_What to work on:_ Without reproducing any picture, copy the records word for word.
------ Material for the task ------
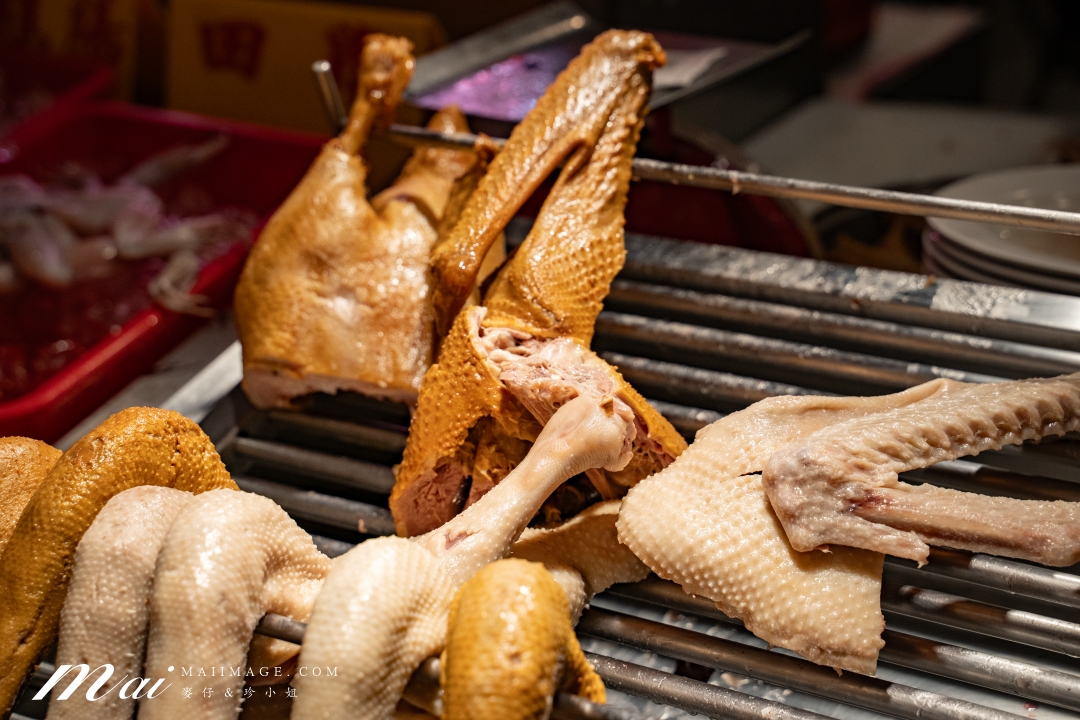 【台北美食】鵝肉城活海鮮~從路邊攤做到三層樓的老字號海鮮餐廳,必點鵝肉、蚵仔酥、三杯中卷!台北中山區美食推薦、遼寧夜市美食 【台北美食】鵝肉城活海鮮~從路邊攤做到三層樓的老字號海鮮餐廳,必點鵝肉、蚵仔酥、三杯中卷!台北中山區美食推薦、遼寧夜市美食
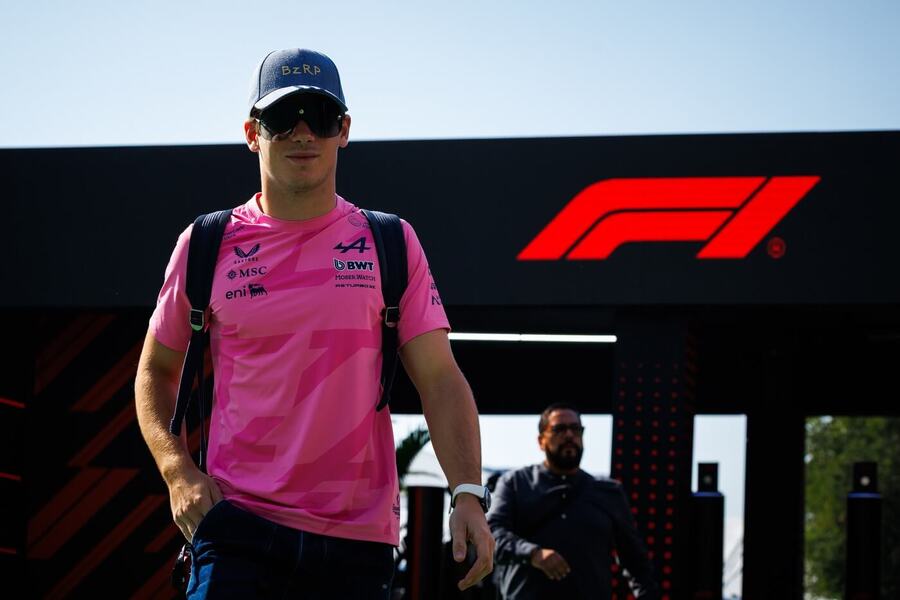 Franco Colapinto zůstave ve Formuli 1 i v roce 2026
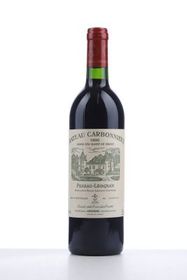 france-bordeaux-wine-château-carbonnieux-1990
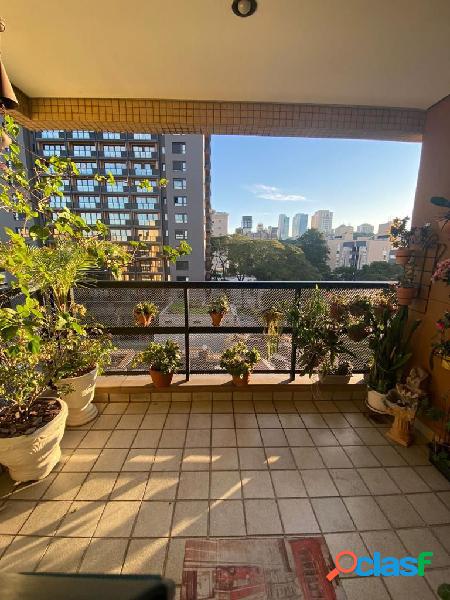 Apartamento com 3 quartos, 103m², à venda em Porto Alegre,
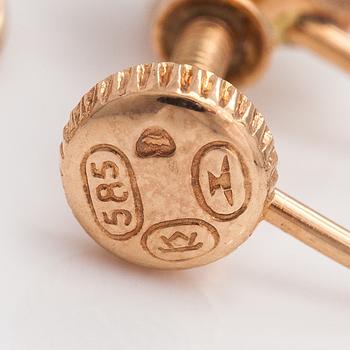 Elis Kauppi, A pair of 14K ogld earrings with cultured pearls. Kupittaan kulta, Turku.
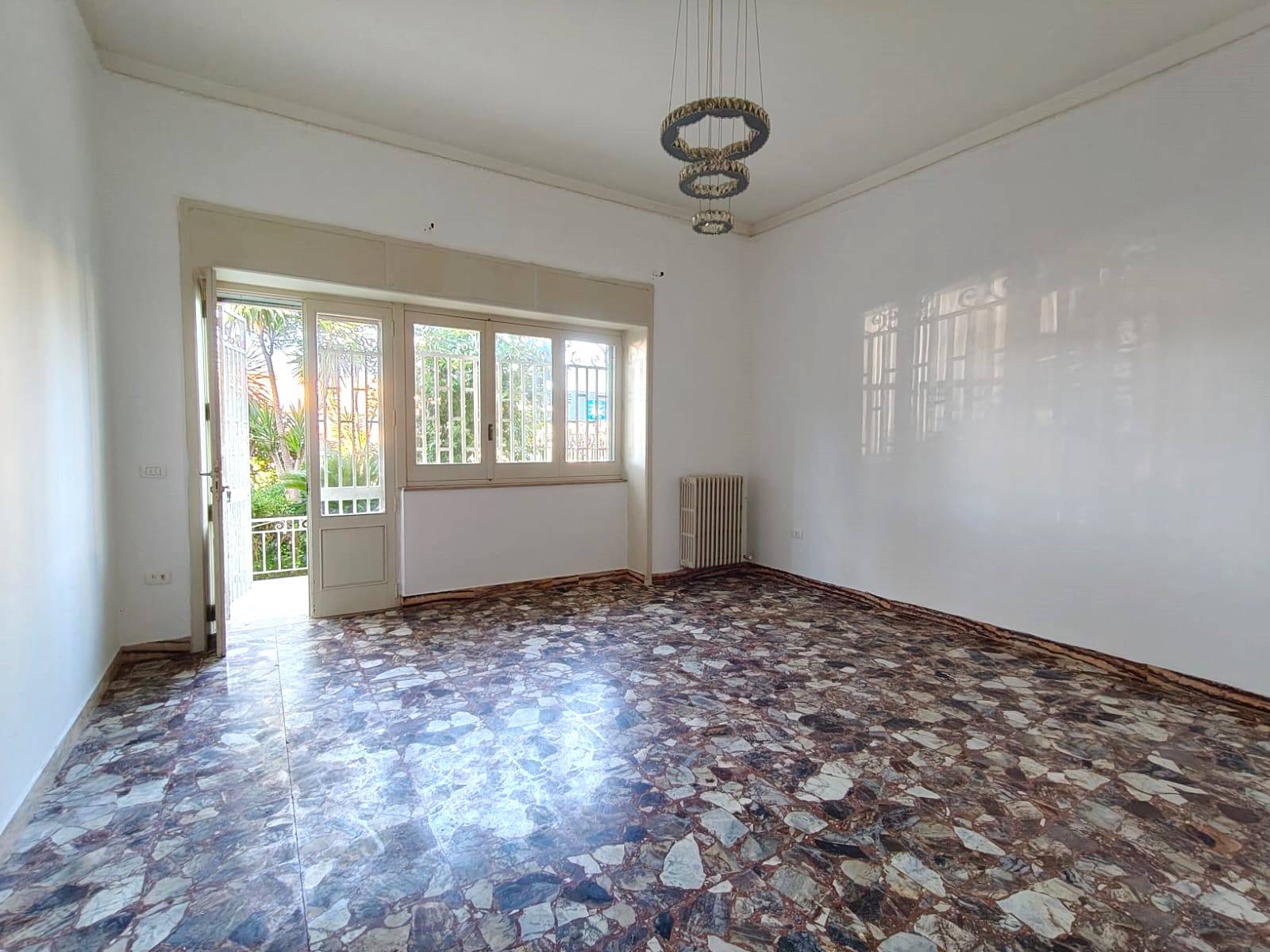 Casa semindipendente in vendita a Lecce, Zona Casermette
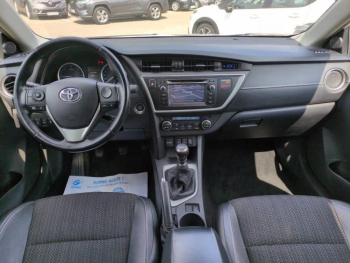 Photo 18 du bon plan TOYOTA Auris 124 D-4D FAP Style occasion à 10980 €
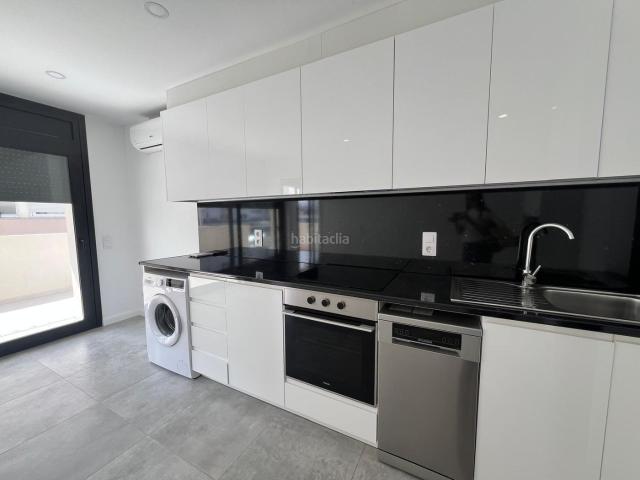 Piso en venta en Roses, Santa Margarida Costa Brava. Apartamento moderno con gran terraza en Santa Margarita. Pisos.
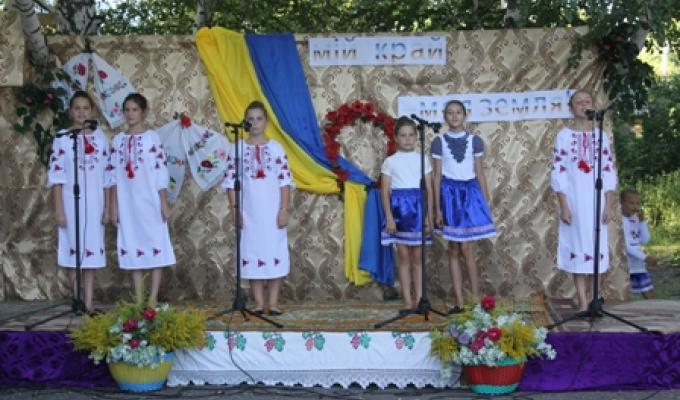 Відбулися творчі звіти Морозівського  сільського Будинку культури та Шелестівського сільського Клубу в рамках районного огляду конкурсу народної художньої самодіяльності  «Мій край – моя земля»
------
_Problem solution:_
 【台北美食】鵝肉城活海鮮~從路邊攤做到三層樓的老字號海鮮餐廳,必點鵝肉、蚵仔酥、三杯中卷!台北中山區美食推薦、遼寧夜市美食 【台北美食】鵝肉城活海鮮~從路邊攤做到三層樓的老字號海鮮餐廳,必點鵝肉、蚵仔酥、三杯中卷!台北中山區美食推薦、遼寧夜市美食
 Franco Colapinto zůstave ve Formuli 1 i v roce 2026
 france-bordeaux-wine-château-carbonnieux-1990
 Apartamento com 3 quartos, 103m², à venda em Porto Alegre,
 Elis Kauppi, A pair of 14K ogld earrings with cultured pearls. Kupittaan kulta, Turku.
 Casa semindipendente in vendita a Lecce, Zona Casermette
 Photo 18 du bon plan TOYOTA Auris 124 D-4D FAP Style occasion à 10980 €
 Piso en venta en Roses, Santa Margarida Costa Brava. Apartamento moderno con gran terraza en Santa Margarita. Pisos.
 Відбулися творчі звіти Морозівського  сільського Будинку культури та Шелестівського сільського Клубу в рамках районного огляду конкурсу народної художньої самодіяльності  «Мій край – моя земля»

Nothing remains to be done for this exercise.